International Student Job Search Planning Timeline
- Learn about the Office of International Affairs (OIA) and the resources they provide, including visa statuses
- Understand the process of applying to CPT and how it relates to on and off-campus internships
- Learn best practices for drafting your resume and cover letter and tips for interviewing
- Develop list of companies you would like to network and intern with
- Identify Career Cohort Programs of interest
- Determine and seek out any professional development programs and information sessions you would like to attend
- Sign up for Career Advancement newsletters of interest
- Understand the visa requirements for the country you would like to intern in during the upcoming summer, or work in upon graduation
- Understand recruiting timelines for your area of interest
- Identify networking opportunities, such as LinkedIn and informational interviews
- Identify networking and professional development opportunities applicable to your area of interest
- Meet with a Careers In… advisor, if area of interest is finalized
- Tailor resume and cover letter to area of interest
- Request a Letter of Support for CPT, if necessary
- Apply for academic year or summer internships
- Understand the process of applying to post-graduation work authorization (OPT)

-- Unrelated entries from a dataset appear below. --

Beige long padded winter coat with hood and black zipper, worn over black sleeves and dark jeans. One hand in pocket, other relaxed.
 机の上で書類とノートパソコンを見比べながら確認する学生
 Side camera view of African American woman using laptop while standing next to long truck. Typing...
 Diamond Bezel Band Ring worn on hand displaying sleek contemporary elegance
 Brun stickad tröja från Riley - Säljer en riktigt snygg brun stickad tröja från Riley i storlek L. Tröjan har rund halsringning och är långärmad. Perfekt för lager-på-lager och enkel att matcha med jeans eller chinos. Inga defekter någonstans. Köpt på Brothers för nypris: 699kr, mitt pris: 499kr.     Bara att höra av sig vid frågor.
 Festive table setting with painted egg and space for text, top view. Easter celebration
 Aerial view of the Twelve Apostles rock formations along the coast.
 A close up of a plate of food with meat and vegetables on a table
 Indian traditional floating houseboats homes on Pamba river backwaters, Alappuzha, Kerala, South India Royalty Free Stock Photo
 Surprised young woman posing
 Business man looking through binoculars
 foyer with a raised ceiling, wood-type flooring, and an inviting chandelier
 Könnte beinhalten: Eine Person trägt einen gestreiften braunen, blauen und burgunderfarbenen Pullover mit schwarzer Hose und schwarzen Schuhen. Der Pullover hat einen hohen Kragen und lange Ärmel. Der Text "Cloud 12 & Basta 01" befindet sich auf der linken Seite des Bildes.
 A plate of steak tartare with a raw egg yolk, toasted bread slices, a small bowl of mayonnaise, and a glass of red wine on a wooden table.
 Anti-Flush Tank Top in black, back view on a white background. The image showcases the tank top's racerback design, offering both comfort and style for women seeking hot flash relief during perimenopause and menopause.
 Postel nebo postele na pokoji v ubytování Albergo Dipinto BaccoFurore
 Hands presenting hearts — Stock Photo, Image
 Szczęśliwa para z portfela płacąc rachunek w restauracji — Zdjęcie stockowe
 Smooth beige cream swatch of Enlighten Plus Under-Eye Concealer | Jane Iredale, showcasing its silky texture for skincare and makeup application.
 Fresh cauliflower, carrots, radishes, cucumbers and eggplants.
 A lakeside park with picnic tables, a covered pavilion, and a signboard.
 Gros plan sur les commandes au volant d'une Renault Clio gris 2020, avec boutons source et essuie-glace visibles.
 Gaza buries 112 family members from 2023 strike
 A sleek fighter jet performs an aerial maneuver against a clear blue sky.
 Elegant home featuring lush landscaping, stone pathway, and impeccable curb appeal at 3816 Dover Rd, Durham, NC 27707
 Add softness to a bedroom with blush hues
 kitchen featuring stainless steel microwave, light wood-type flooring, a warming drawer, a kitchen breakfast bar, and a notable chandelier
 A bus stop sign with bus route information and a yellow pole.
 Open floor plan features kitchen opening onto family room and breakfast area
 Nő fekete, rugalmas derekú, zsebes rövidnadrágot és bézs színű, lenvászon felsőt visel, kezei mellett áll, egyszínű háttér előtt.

- Identify companies that may provide sponsorship for post-graduation positions
- Speak with OIA about the OPT application timeline and strategies for applying
- Identify full-time positions or graduate/professional school programs you would like to apply to
Almost all U.S.-based companies will require a resume at some point during the application process. If you need to convert a CV to a resume, you may review the Undergraduate Resume Guide.
Additional tips for how to tailor your personal information and experiences include:
- Introduce yourself using your legal and chosen name so employers know how you preferred to be addressed.
- If multilingual, emphasize the languages you speak.
- Exclude personal data to limit bias and discrimination within the hiring process. Personal data includes: date of birth, age, gender, ethnicity, social security number, visa status, political or religious affiliation, photographs
- If you attended an institution within another country, list your GPA given by the school while also providing a U.S. equivalent GPA so employers can better understand your academic performance.
For additional support, please schedule an advising appointment with any Career Advancement adviser on Handshake.
INTERVIEW PREPARATION: TIPS AND POTENTIAL QUESTIONS
U.S. interview expectations can differ depending on the region or industry. However, the following tips are helpful to keep in mind for both virtual and in-person interviews.
- Be punctual. Arrive 10-15 minutes early for in-person and 5 minutes early for virtual.
- Expect to receive questions about your experience and skills.
- Keep eye contact with your interviewer, as it conveys confidence and interest.
- Shake hands to introduce yourself. Please note, if this is contrary to your religious beliefs, you can decline.
- Research the company beforehand to show interest and a clear reason why you want to work there.
- Be prepared for varying interview styles. For example, the interviewer may decide to start with small talk or may start with direct questions.
- End the interview by asking the employer where they are in the interview process and when you should expect to hear back. Additionally, you may follow up to ask about the status of an application after your interview.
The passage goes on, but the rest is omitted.